Dibanding HMAS Canberra, kapal induk Charles de Gaulle berukuran lebih besar. Mampu membawa 20 jet tempur Rafale-M, tiga pesawat radar E-2C Hawkeye dan hingga belasan helikopter angkut.
Jangankan untuk operasi semacam NEO, misi tempur pun dengan mudah dilakoni kapal induk Perancis ini, jika memang diperlukan. Seperti halnya rekannya dari Australia, kapal Perancis itu tentu saja dikawal beberapa kapal perang lainnya. Di posisinya di Samudera Hindia, Charles de Gaulle dikabarkan sedang dalam misi latihan rutin jelang reposisinya ke kawasan Timur Tengah.

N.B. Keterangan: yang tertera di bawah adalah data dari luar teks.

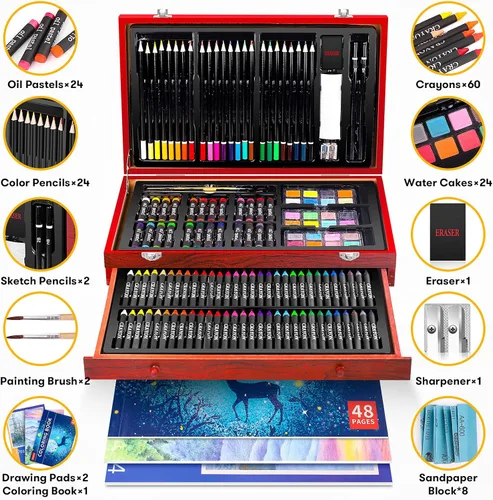 Miniatura 2 de iBayam Suministros de arte, paquete de 150 piezas de arte de madera de lujo, kit de pintura para manualidades con 2 blocs de bocetos, 1 libro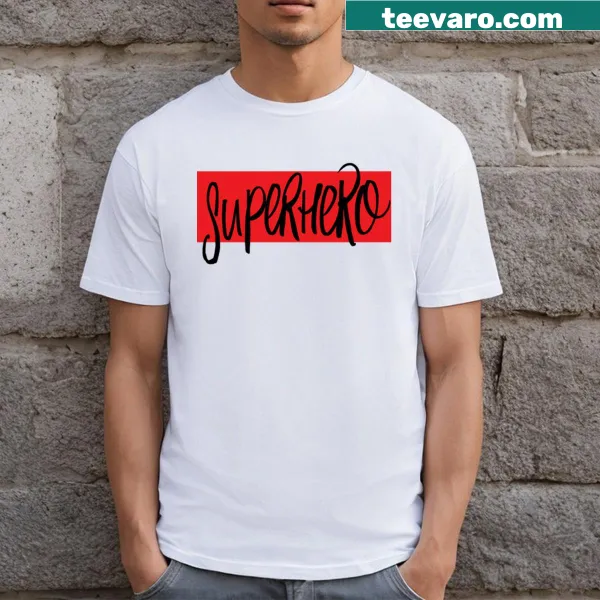 Cartoon superhero design on playful Superhero t-shirt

Sebelumnya, di awal Mei ini sudah lebih dulu ada dua kapal perang penting masing-masing sebuah dari Amerika dan China yang merapat ke Indonesia. Sama seperti gugus armada HMAS Canberra, kedua kapal tersebut sesungguhnya dikatakan tengah melakukan perjalanan muhibah.
USS Blue Ridge milik Komando Pasifik AL AS merapat di Jakarta pada 1 Mei 2019 dalam rangka peringatan 70 tahun hubungan diplomatik AS–Indonesia. USS Blue Ridge adalah kapal jenis komando tempur terpadu level kawasan.
Meskipun bukan jenis kapal pengangkut atau kapal tempur, USS Blue Ridge memiliki kemampuan yang tak bisa diremehkan. USS Blue Ridge dilengkapi sarana komunikasi tercanggih yang memiliki kemampuan memberikan perintah langsung kepada semua alutsista AS di kawasan Indo-Pasifik yang tergabung dalam Armada ke-7 Pasifik.
Sementara itu kapal China yang sandar di Indonesia, persisnya di Surabaya pada tanggal 9 Mei lalu, adalah kapal jenis survei kelautan (ocean survey ship). Kapal bernama Hai Yang itu dioperasikan AL China untuk misi survei kelautan, termasuk di antaranya pemetaan bawah laut.
Boleh-boleh saja publik menduga-duga, ada maksud lain selain alasan resmi kehadiran kapal-kapal perang besar itu (dan kehadiran kapal induk Perancis di Samudera Hindia).